Data ▸
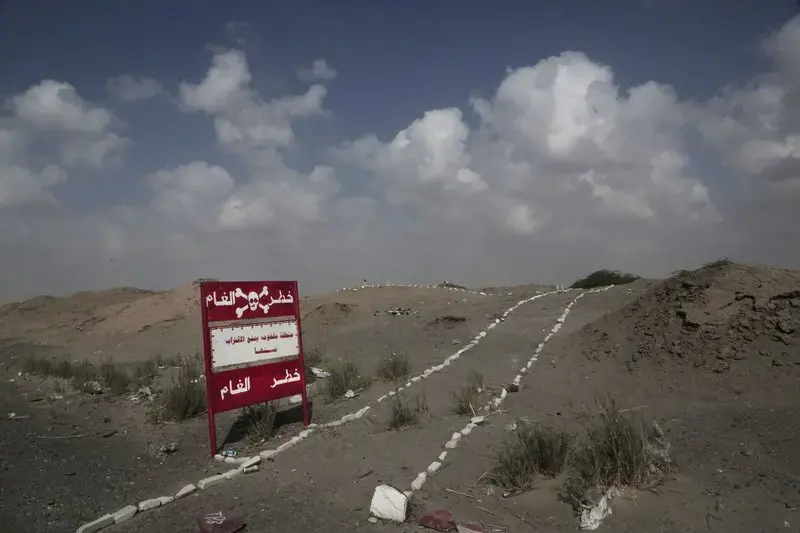 This Feb. 15, 2018, photo shows a sign with Arabic that reads, “danger mines, danger mines” on the highway from Abyan to Aden in Yemen. Image by Nariman El-Mofty. Yemen, 2018. </p>
<p>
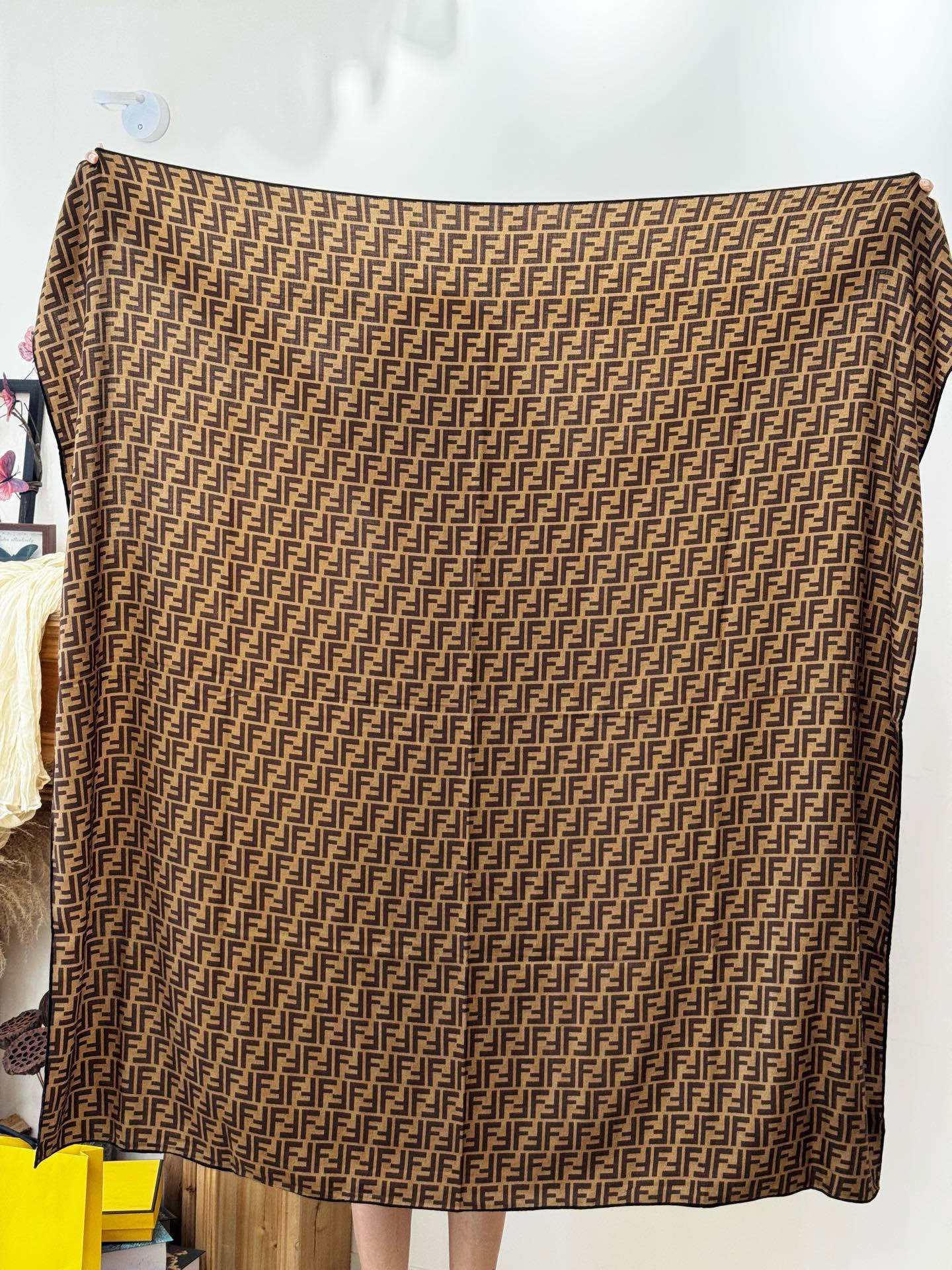 经典双F logo 遍布整条围巾丝绒材质 保暖性和手感都还不错哦秋冬必入 百搭款1962年，F公司聘用著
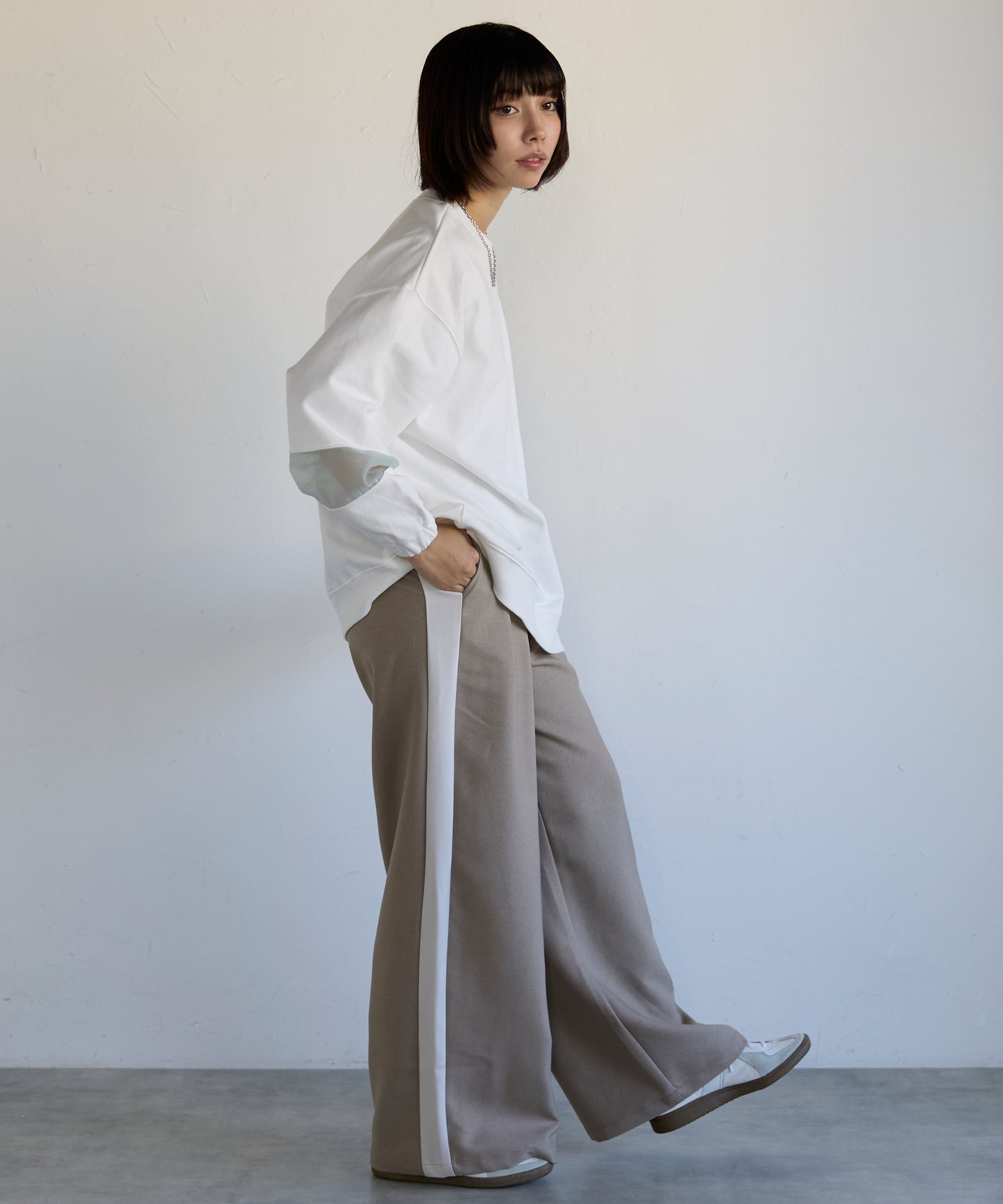 Sweatshirt with Sheer Sleeve Details　袖シアーディティールスウェット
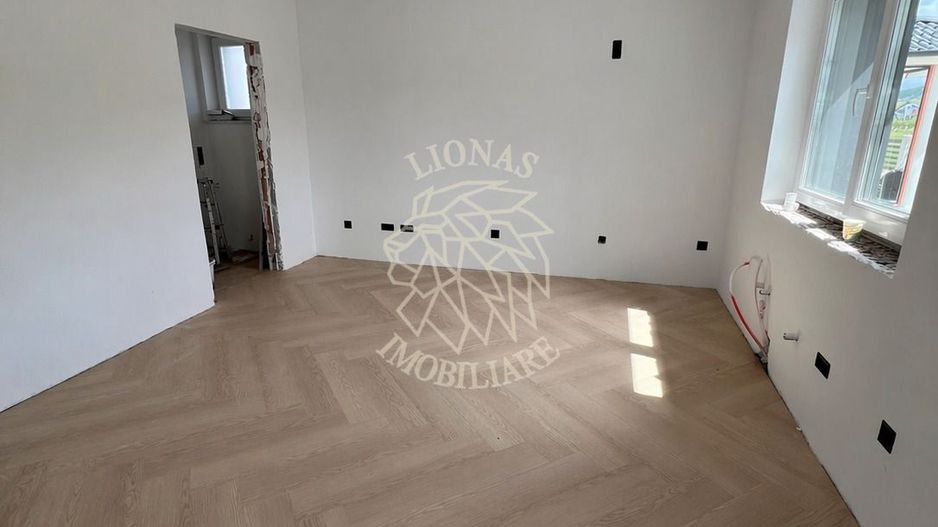 Casa Ultrafinisata 4 camere-teren 500mp-panouri fotovoltaice-Aerodrom - Poză 8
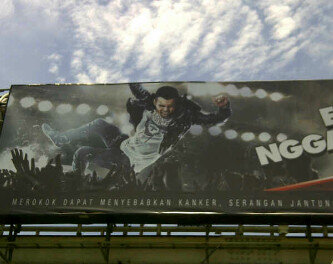 Kado #1stAnniversaryGioreNotic dari ko <a href="/giovanoreno/">Reno giovano</a> buat semua Giorenotic \(´▽')/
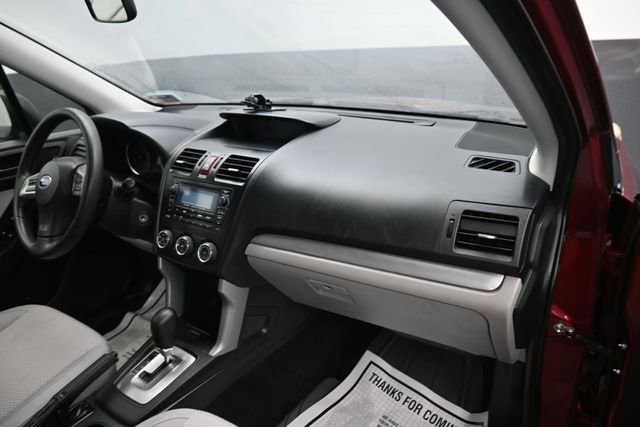 Used 2015 Subaru Forester 2.5i AWD/4WD image 10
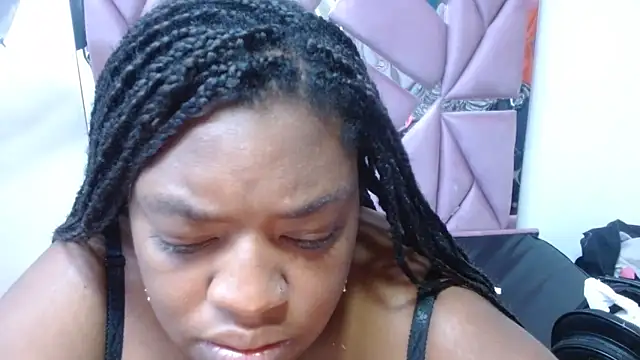 morenahott1 online show from March 19, 2026, 1:33 pm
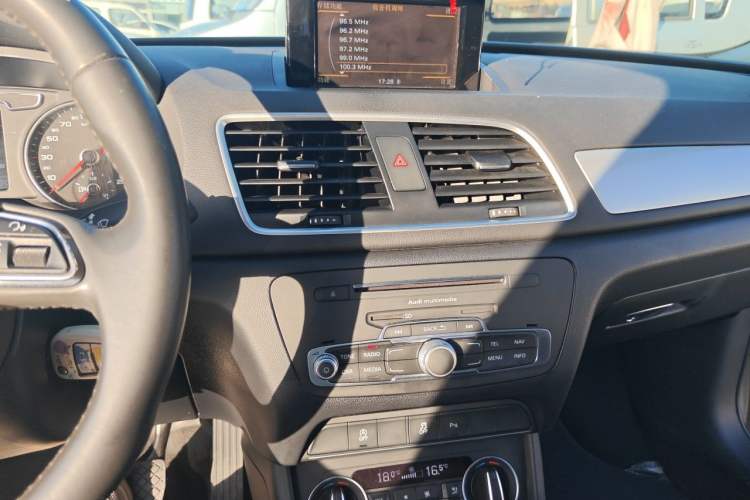 Used Audi Q3 2018 30th Anniversary Edition 30 TFSI Fashion Model Audio And AC Panel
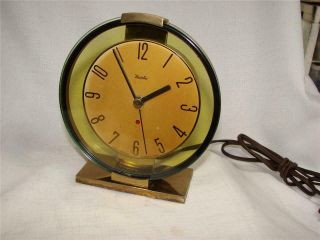 Vtg Wesclox Art Deco Oracle Round Mantle Shelf Electric Clock With Green Glass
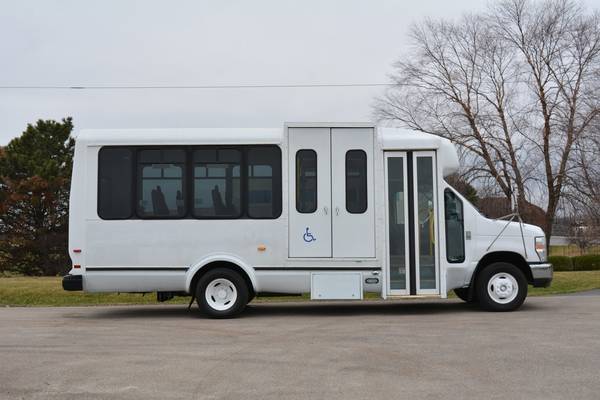 2010 Ford E-450 16 Passenger Paratransit Shuttle Bus for sale in Crystal Lake, WI – photo 4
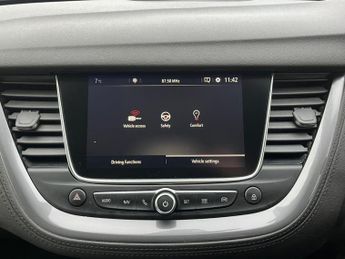 Vauxhall Grandland X 1.6 Turbo D BlueInjection Sport Nav Auto Euro 6 (s/s) 5dr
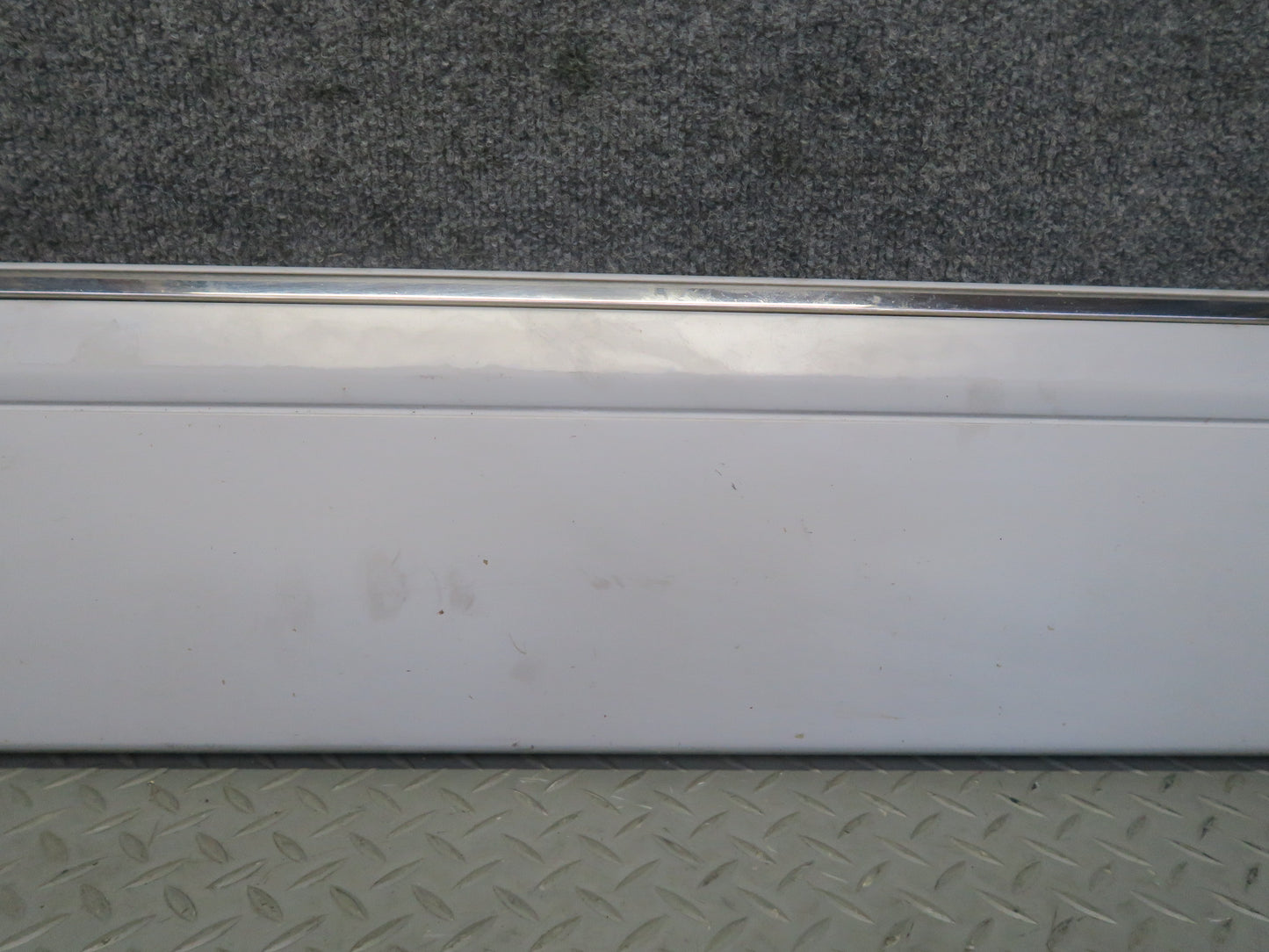 86-91 Mercedes W126 560SEL Sedan Set of 4 Left Fender Door Quarter Molding OEM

What you have to do ▸ Repeat exactly the lines above, from the line containing "2010 Ford E-450" through the last line of the records, inclusive; omit any pictures.

Your solution ▸
 2010 Ford E-450 16 Passenger Paratransit Shuttle Bus for sale in Crystal Lake, WI – photo 4
 Vauxhall Grandland X 1.6 Turbo D BlueInjection Sport Nav Auto Euro 6 (s/s) 5dr
 86-91 Mercedes W126 560SEL Sedan Set of 4 Left Fender Door Quarter Molding OEM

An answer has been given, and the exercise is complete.